DATA LISTING:
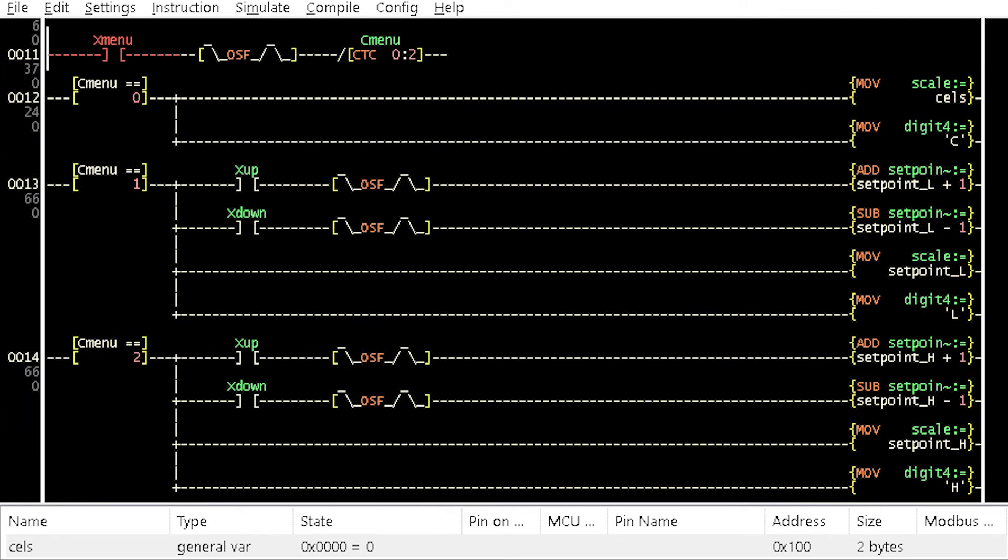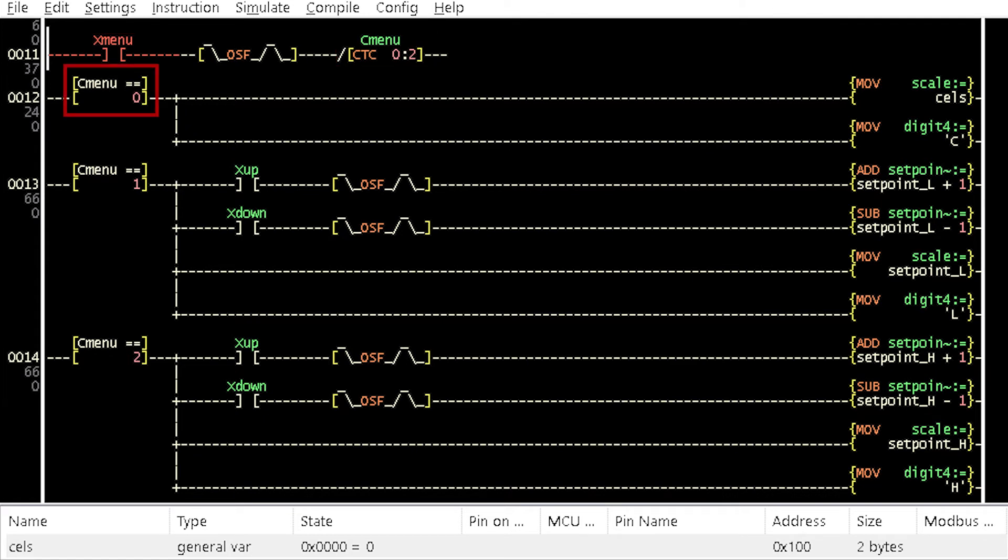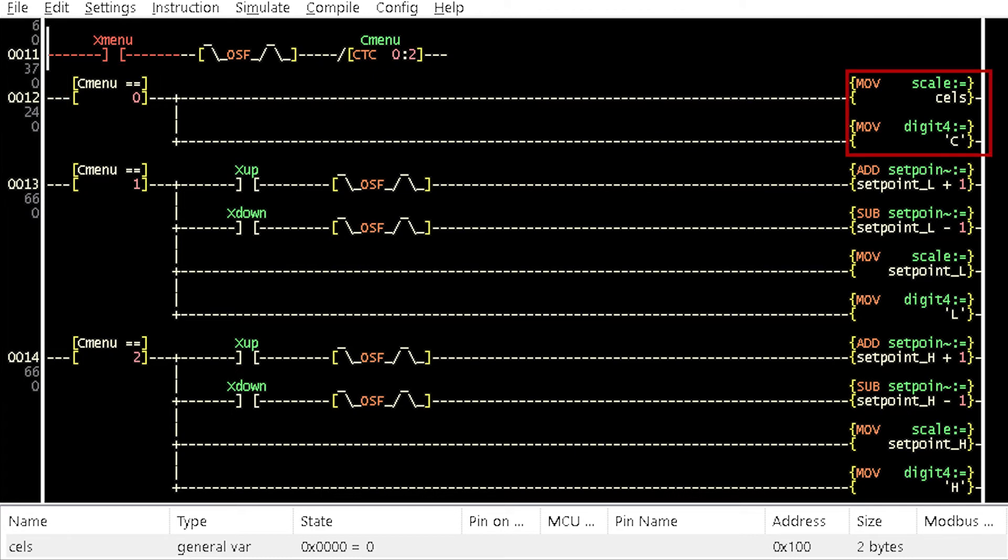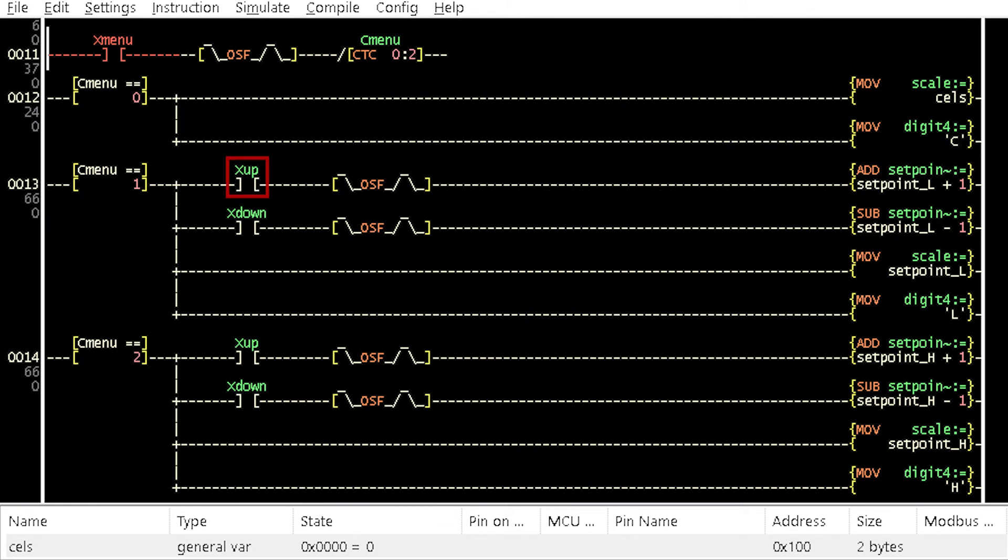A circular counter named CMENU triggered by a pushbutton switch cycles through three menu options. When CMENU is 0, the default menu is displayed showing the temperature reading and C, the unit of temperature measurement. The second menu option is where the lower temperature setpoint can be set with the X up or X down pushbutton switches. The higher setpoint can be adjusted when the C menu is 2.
--
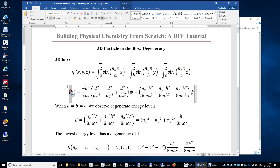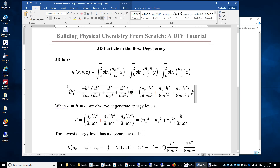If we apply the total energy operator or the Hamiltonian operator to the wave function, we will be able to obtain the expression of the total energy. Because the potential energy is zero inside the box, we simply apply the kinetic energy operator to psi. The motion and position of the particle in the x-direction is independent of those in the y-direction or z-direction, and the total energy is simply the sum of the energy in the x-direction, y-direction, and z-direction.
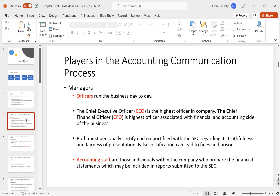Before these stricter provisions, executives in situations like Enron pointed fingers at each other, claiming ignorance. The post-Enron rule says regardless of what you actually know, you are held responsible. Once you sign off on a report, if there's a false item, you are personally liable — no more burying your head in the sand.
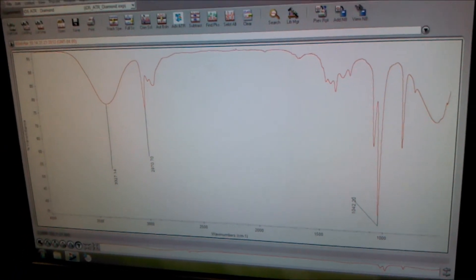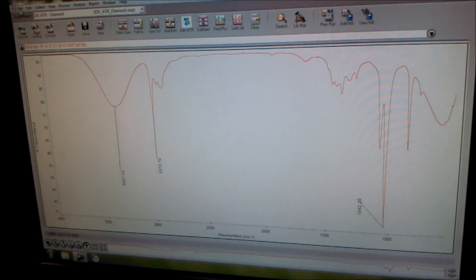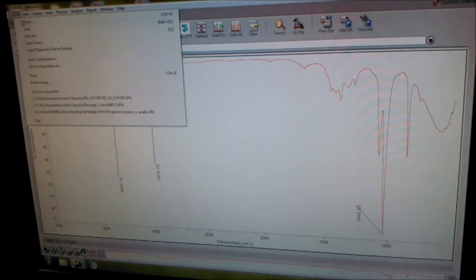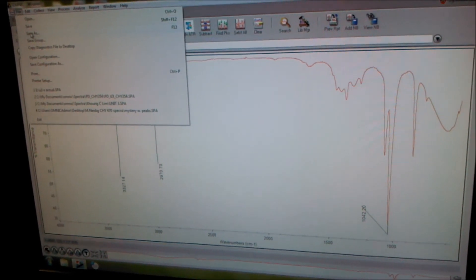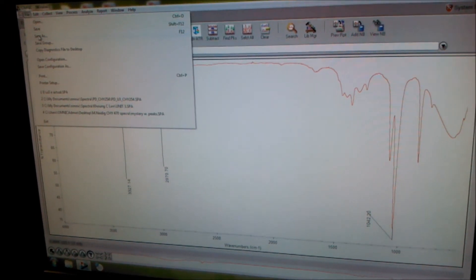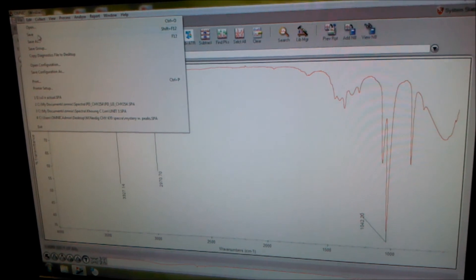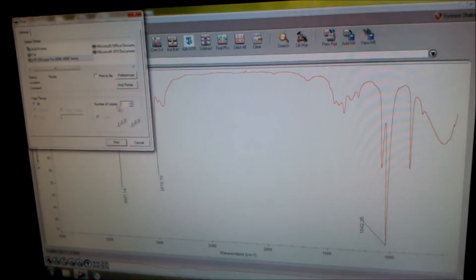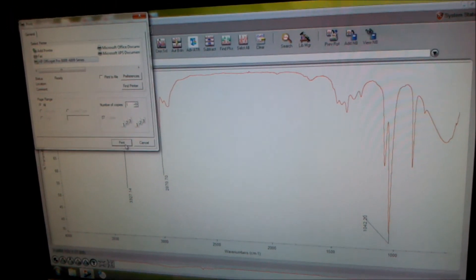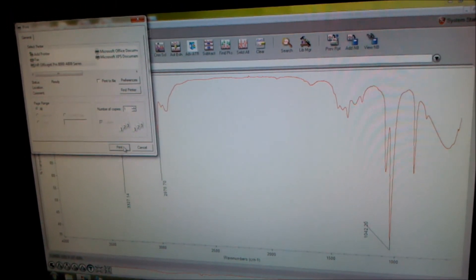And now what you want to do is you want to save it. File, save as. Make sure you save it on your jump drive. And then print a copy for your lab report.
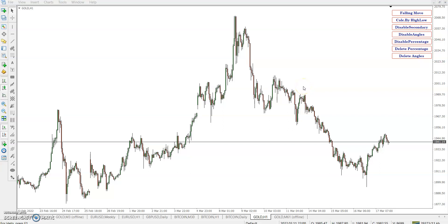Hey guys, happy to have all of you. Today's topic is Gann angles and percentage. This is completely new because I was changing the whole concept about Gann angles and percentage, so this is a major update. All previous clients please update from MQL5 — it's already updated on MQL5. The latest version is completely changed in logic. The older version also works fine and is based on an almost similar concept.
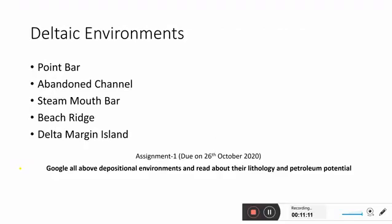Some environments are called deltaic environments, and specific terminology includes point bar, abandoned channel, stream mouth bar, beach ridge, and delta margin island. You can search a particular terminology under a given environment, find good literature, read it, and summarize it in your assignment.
* * *
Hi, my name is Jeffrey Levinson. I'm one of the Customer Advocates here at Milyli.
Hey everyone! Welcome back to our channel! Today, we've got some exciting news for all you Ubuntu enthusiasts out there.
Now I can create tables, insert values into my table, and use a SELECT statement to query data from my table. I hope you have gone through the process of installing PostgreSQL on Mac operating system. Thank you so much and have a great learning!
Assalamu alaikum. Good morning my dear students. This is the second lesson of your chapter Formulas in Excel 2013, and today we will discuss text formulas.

TASK REQUIREMENTS: Start with the line with "And now what" in the listing above and stop after the line with "Hey guys, happy". Write out exactly the lines in that stretch and no others, without pictures.

FINISHED EXERCISE:
And now what you want to do is you want to save it. File, save as. Make sure you save it on your jump drive. And then print a copy for your lab report.
Hey guys, happy to have all of you. Today's topic is Gann angles and percentage. This is completely new because I was changing the whole concept about Gann angles and percentage, so this is a major update. All previous clients please update from MQL5 — it's already updated on MQL5. The latest version is completely changed in logic. The older version also works fine and is based on an almost similar concept.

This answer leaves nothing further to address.